Ayn Rand and Milton Friedman are two of the most influential thinkers in the study of capitalism. While both of them advocate for a free society in which there are minimal governmental interventions and regulations, they differ greatly in their perspectives. Rand, as a writer, examines the topic on an individual basis and stresses the importance and necessity of capitalism to the individual rights of men. On the other hand, Friedman, as an economist, focuses on the big economic picture and argues that capitalism is critical to the political freedom and welfare of the society. This essays will examine Rand and Milton's definitions of capitalism, compare their central arguments, and evaluate their relevance and limitations in the real world.

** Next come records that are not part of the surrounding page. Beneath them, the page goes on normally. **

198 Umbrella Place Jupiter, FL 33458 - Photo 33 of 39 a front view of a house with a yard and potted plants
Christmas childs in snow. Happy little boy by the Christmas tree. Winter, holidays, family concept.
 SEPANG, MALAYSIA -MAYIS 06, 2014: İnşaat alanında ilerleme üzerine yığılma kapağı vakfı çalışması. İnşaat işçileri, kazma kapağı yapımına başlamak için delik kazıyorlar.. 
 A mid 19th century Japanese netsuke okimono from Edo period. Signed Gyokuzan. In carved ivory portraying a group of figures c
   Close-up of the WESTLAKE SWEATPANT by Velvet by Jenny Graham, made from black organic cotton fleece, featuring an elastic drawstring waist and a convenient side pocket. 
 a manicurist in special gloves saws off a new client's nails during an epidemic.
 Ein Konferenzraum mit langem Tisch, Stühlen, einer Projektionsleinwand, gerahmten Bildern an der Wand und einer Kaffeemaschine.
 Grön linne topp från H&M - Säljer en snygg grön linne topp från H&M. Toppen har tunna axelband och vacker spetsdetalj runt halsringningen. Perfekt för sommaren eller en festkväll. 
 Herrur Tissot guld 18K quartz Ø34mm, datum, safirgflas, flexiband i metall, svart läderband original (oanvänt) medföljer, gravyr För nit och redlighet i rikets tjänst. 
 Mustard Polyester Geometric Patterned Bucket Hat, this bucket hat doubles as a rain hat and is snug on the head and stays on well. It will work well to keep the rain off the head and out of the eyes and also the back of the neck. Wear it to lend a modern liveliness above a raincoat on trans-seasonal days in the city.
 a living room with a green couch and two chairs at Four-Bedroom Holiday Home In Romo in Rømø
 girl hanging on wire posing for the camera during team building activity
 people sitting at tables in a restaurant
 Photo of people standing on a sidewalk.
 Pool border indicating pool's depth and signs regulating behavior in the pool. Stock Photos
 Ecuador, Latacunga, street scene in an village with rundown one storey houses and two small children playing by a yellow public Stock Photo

Rand, in her book Capitalism: The Unknown Ideal (Rand, 1967), defined capitalism as “a social system based on the recognition of individual rights, including properties, in which all property is privately owned”. According to Rand, the recognition of rights also implies the “banishment of physical force”, or in other words, individual freedom. Friedman has a remarkably similar definition of capitalism, as he stated in Capitalism and Freedom (Friedman, 1962): “A working model of a society organized through voluntary exchange is a free private enterprise exchange economy what we have been calling competitive capitalism.” Both Rand and Friedman's definitions share two key characteristics: individual freedom and private ownership.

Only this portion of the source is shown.